Resources may 'participate' in process instances/events/executions - with 'participation' implying that the given type of process only affects aspects of the resource's state that are not integral to its identity (i.e. the resource is considered mutable/the given process type is part of its lifecycle). Resources may also have derivation relationships to other resources, implying a connection via some process instance/event/execution, with derivation implying that the given process type changes aspects of the resources integral to identity (i.e. the resources are immutable w.r.t. the given process type and are used/produced by it).

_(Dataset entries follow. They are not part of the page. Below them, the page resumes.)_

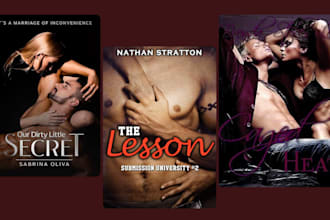 create romance book cover, erotic book cover art, fantasy, fiction, kindle ebook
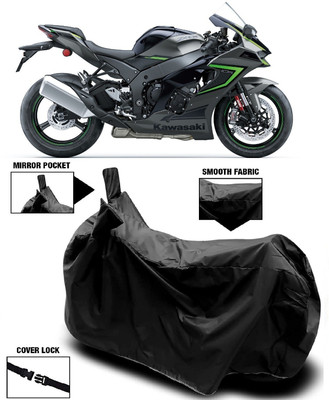 AutoKick Two Wheeler Cover for Kawasaki(Ninja ZX 10R, Black)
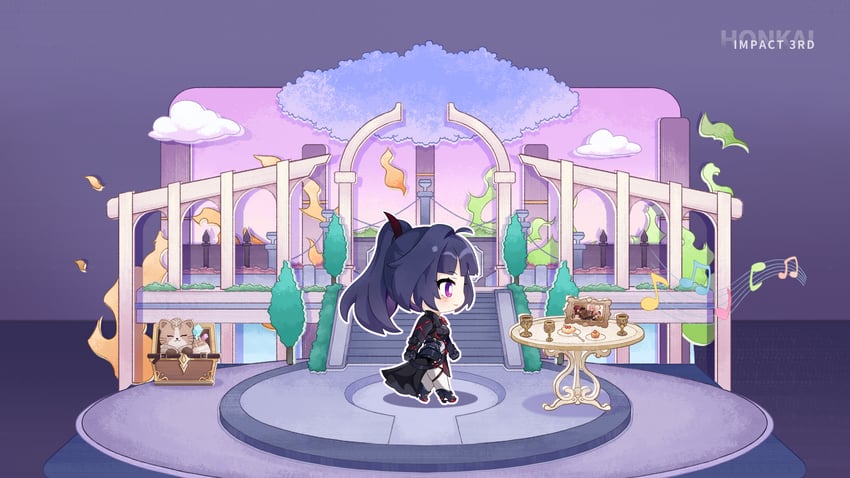 elysia, raiden mei, aponia, eden, and can (honkai and 1 more)
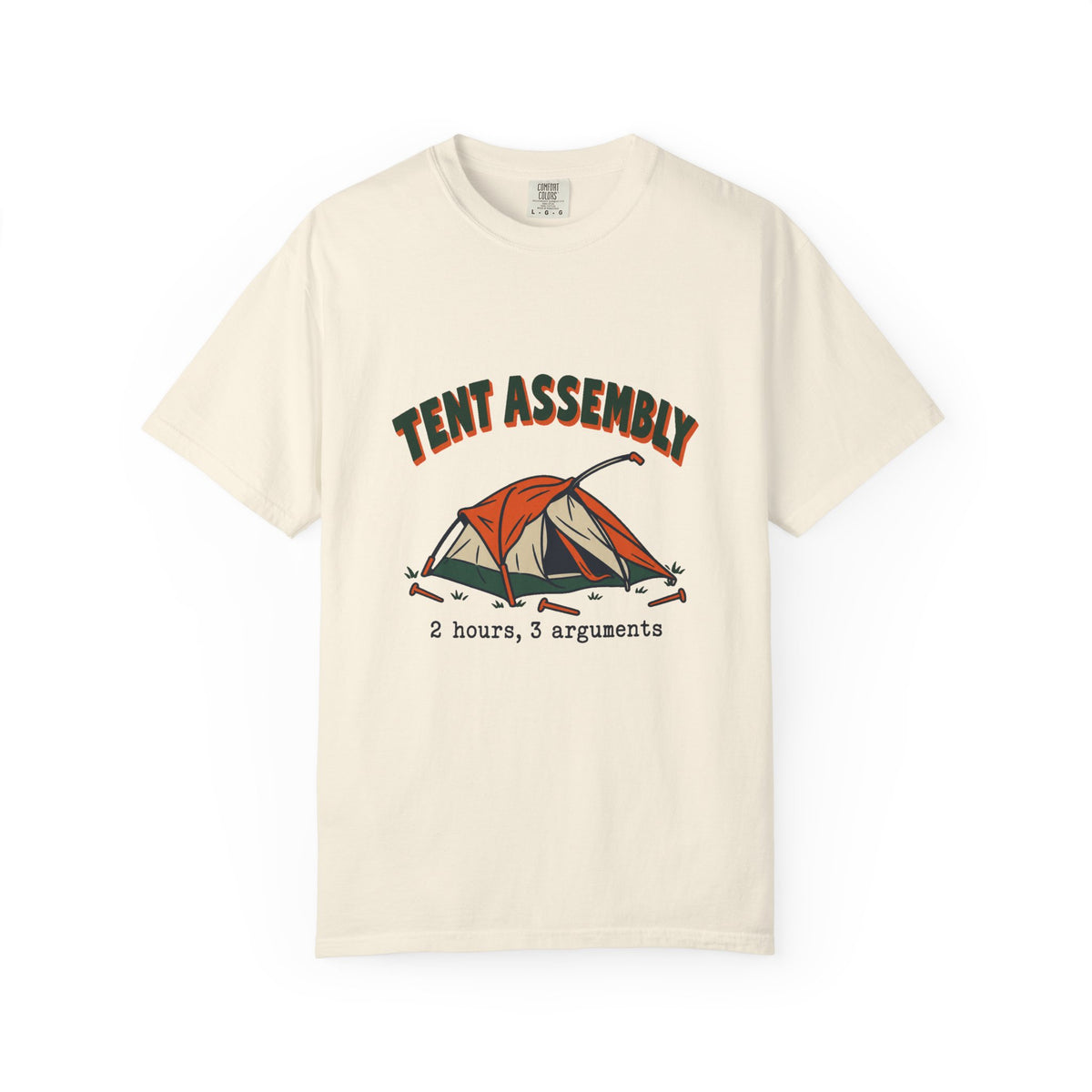 Tent Assembly T-Shirt – Ivory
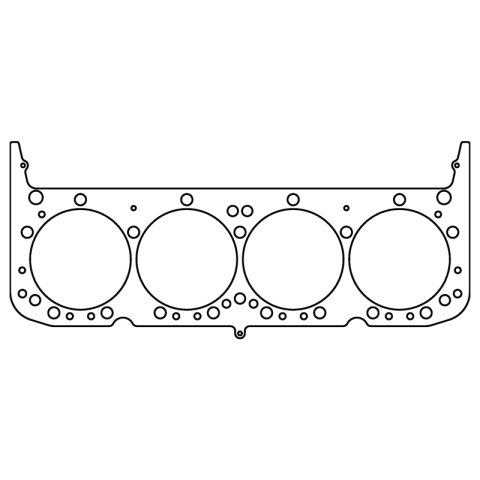Cometic Chevy Gen-I Small Block V8 .040in MLS Cylinder Head Gasket - 4.165in Bores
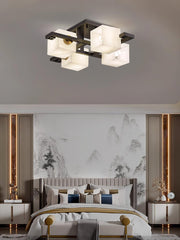 Kaelen Alabaster Ceiling Light - Aura Lighting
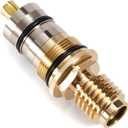 47450000 Thermostatic Cartridge Fit for Grohe 1/2'' Thermostatic Shower Valve GR-47450000 - Replace for Grohe Thermo-Element Shower Cartridge Assembly, 7 x 13 x 6 cm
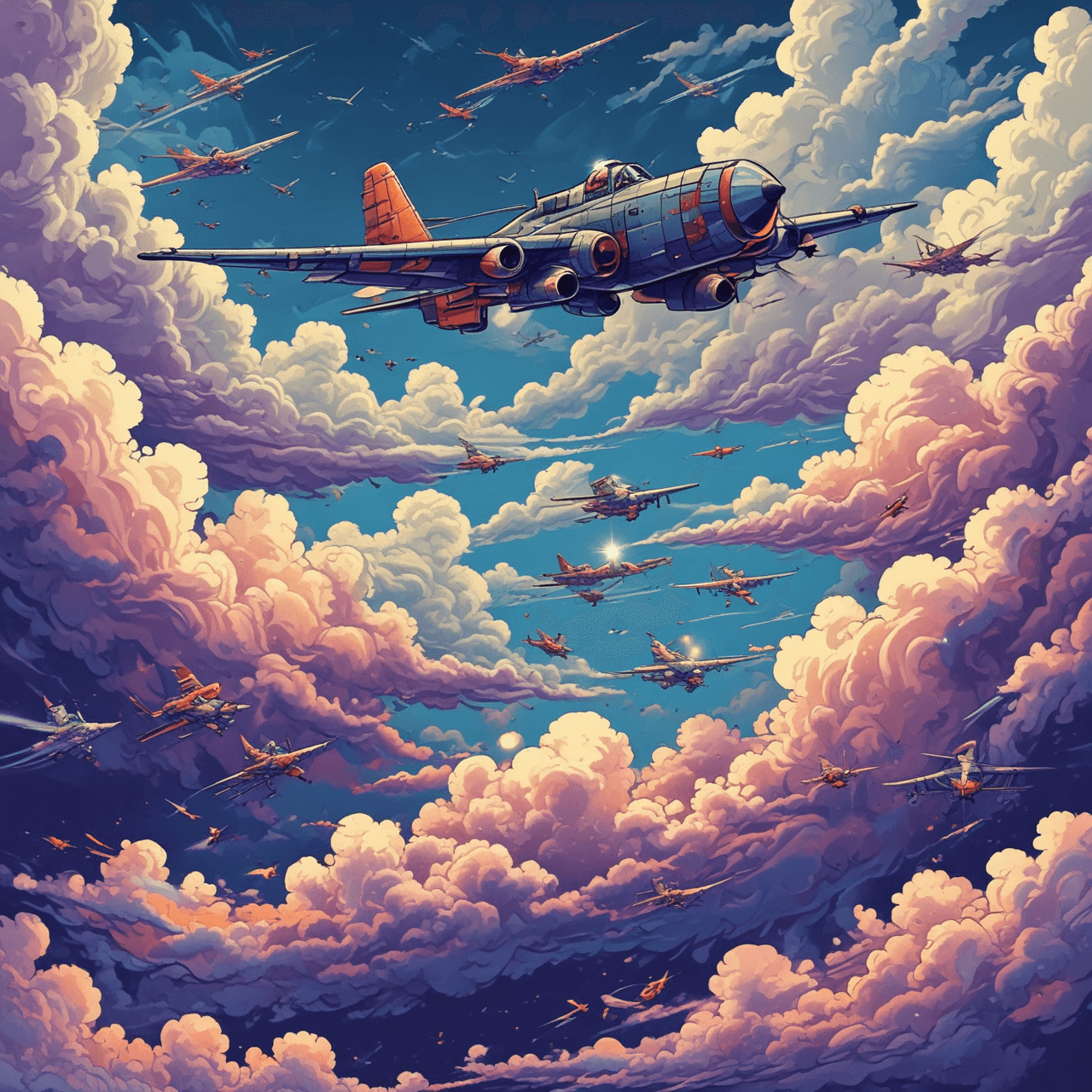 Warplane Wisdom: Cloud Bridge game banner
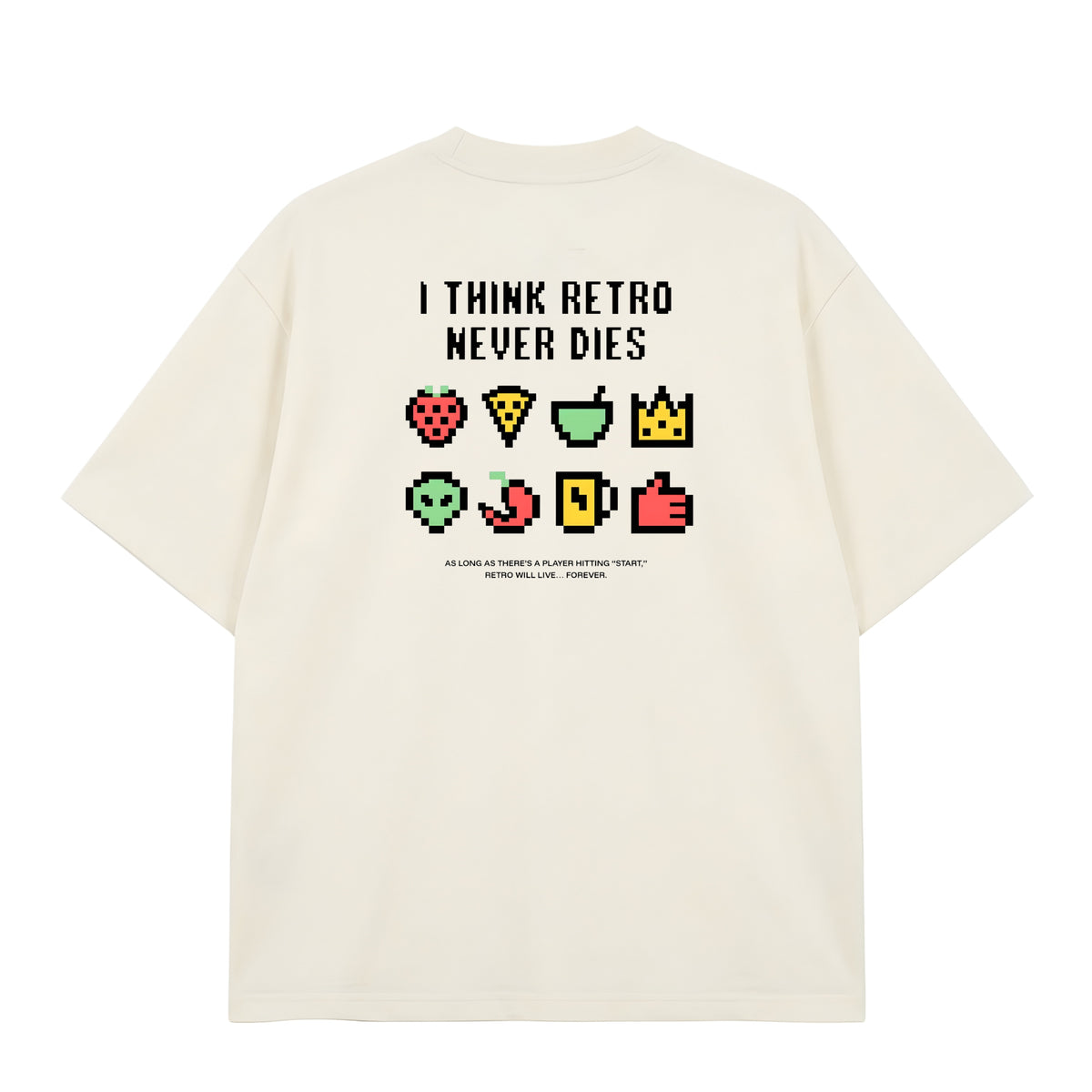 Retro Never Dies - Oversized T-shirt
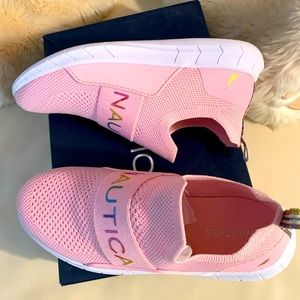 Nautical Big Girl  athletic shoes ( size 4)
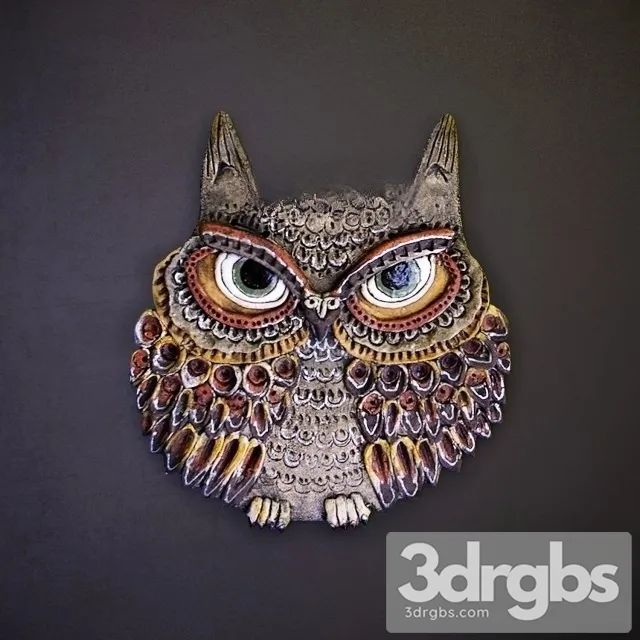 Hanging Owl 3D Model Free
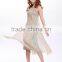 Korean new style vertical stripes tight women crumple dress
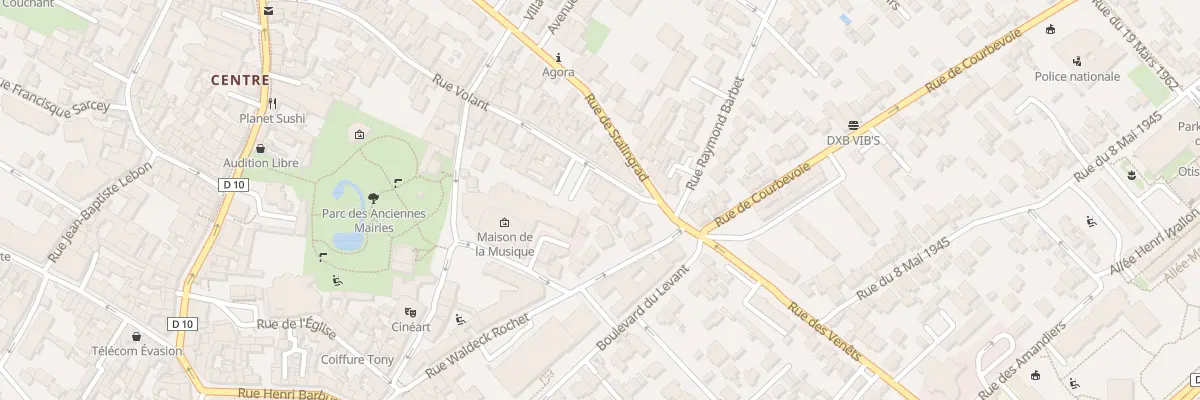 Plan du 5 Rue Volant à Nanterre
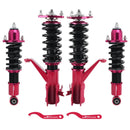 Compatible for Honda Civic 2001 2002 2003 2004 2005 Adjustbale Height Shock Strut Red Coilovers lowering kit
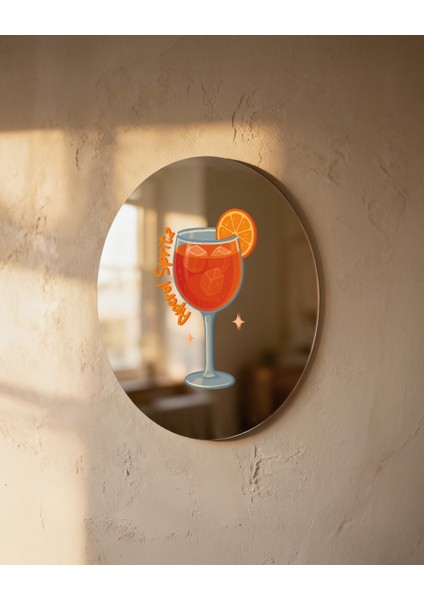 Mood Ayna Aperol Spritz - Tasarım Ayna, Pinterest Dekoru, Dekoratif Baskılı Ayna, Yazılı Ayna modelleri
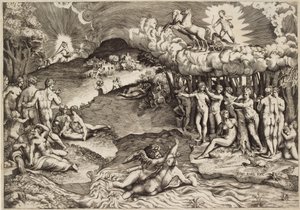 Kærlighedens triumf, 1545 af Giulio Bonasone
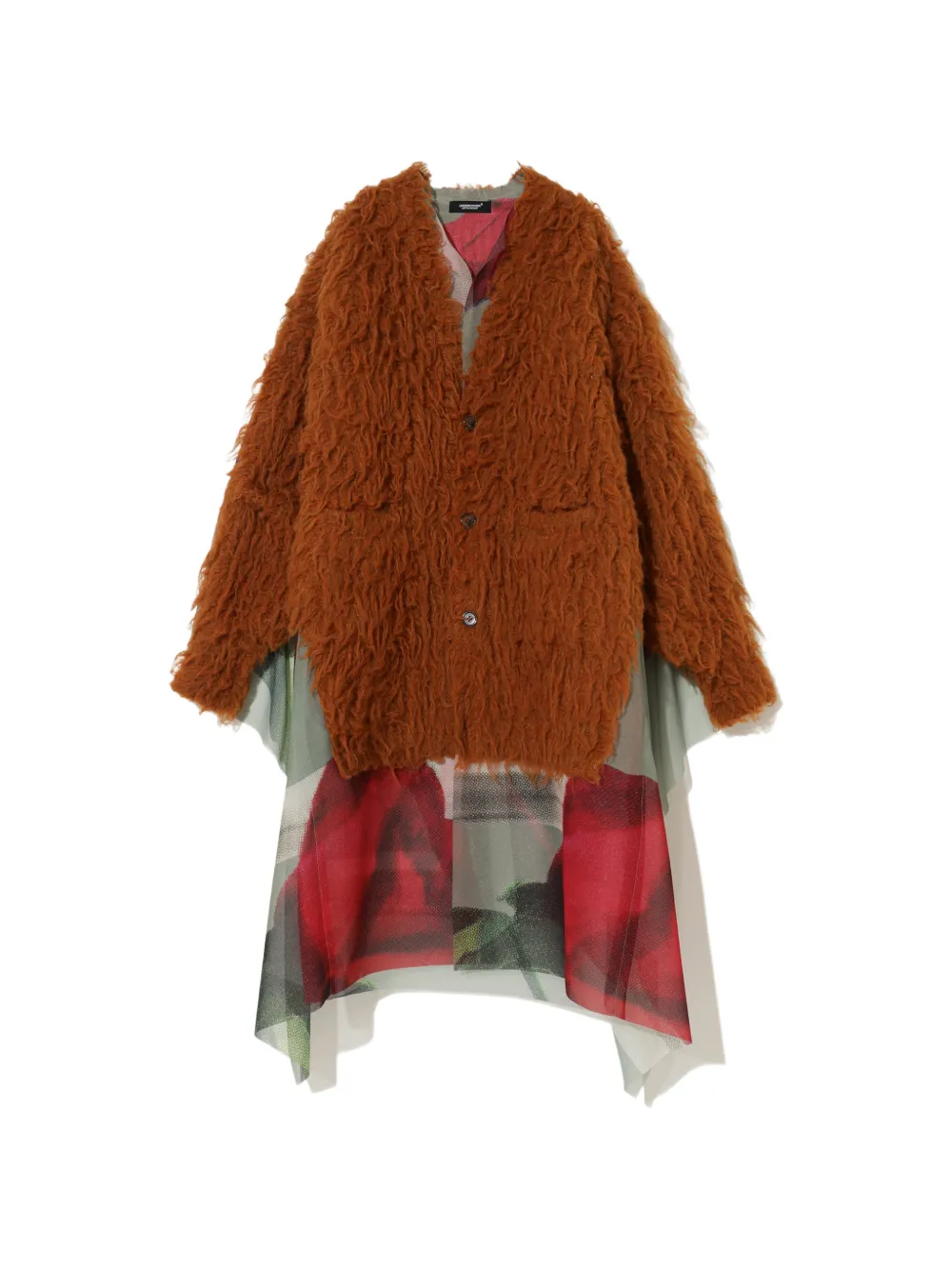 Undercover Cappotto a fiori - Marrone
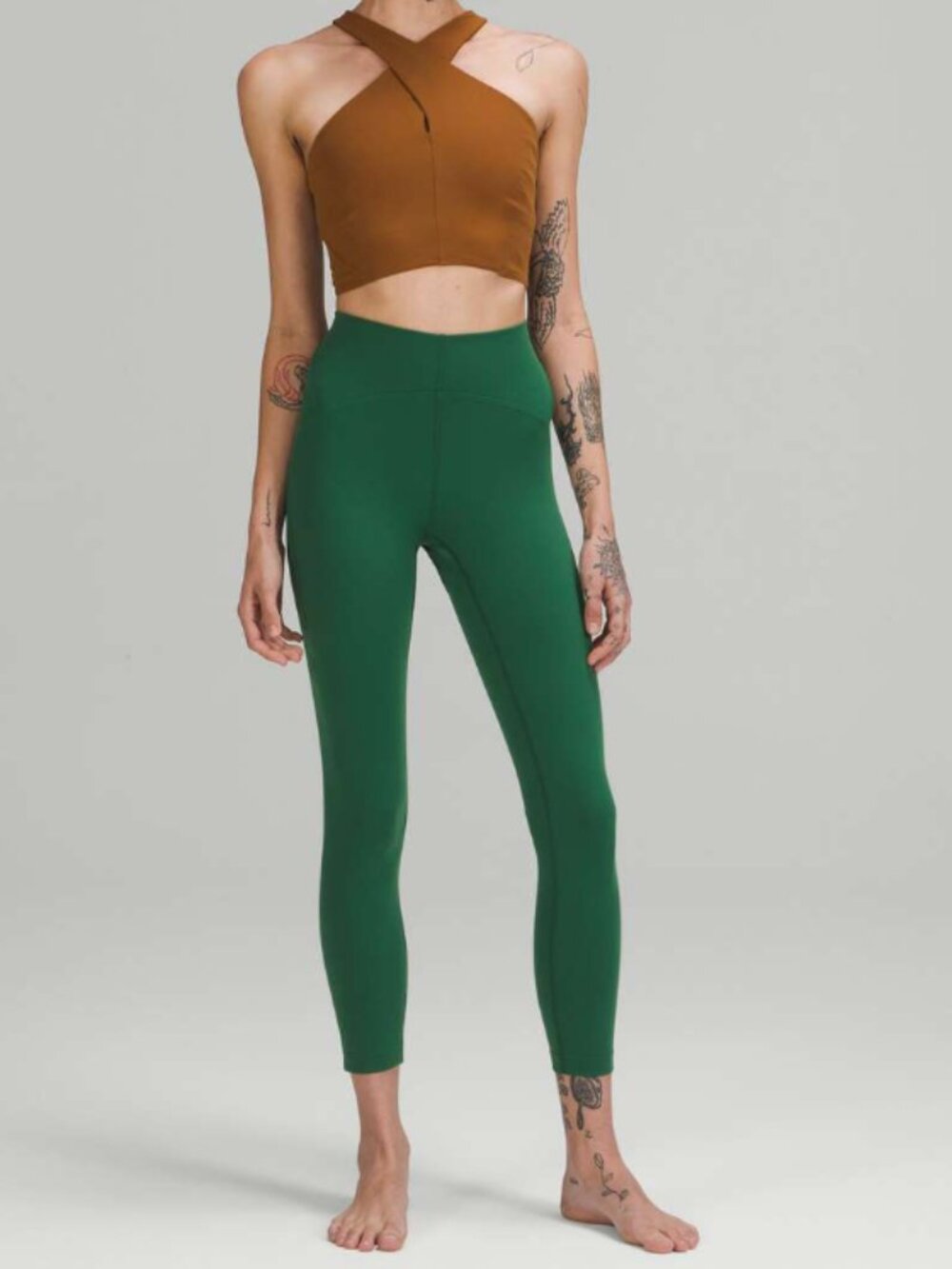 Lululemon Instill High-Rise Tight 25" Everglade Green Size‎ 2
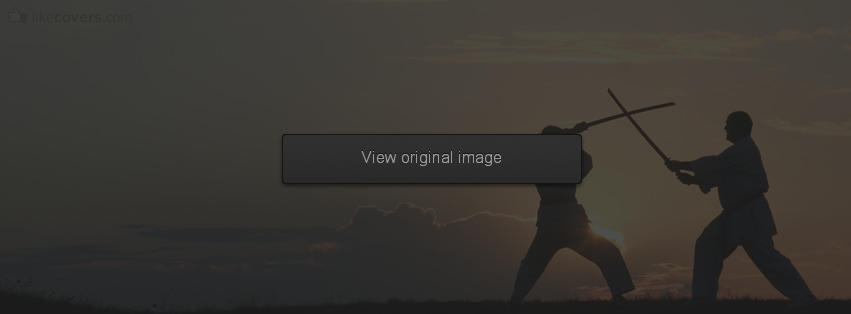 Samurai training in the sunset with swords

All of these aspects of resources are critical to addressing the use cases within the prov-wg. Examples exist where things are considered at different levels of abstraction (a report and its unpublished/published versions), where aggregate resources are assembled and dissasembled, and where resources participate in events (the government publishing a report without considering any change of state of the government) as well being used and produced. Specifically, while provenance could be narrowly defined as being about tracking state changes, real world use cases involve only partial knowledge of state and changes in level of abstraction and aggregation are critical to assembling sufficiently rich provenance information to be useful. Conversely, in my opinion, this framework is also a minimal model in the sense that attempts to simplify by, for example, labeling resources as immutable/mutable, FRBR work/expression/manifestations, versionable resources/versions, opm:agenets, pml:sources, etc., significantly limit the scope of processes that can be discussed in an integrated fashion. (Considering such labels as useful extensions that can be mapped to core concepts of abstraction/aggregation is a different matter - along the lines of seeing a dc:creator label as inferring a creator's participation in a creation event for that resource).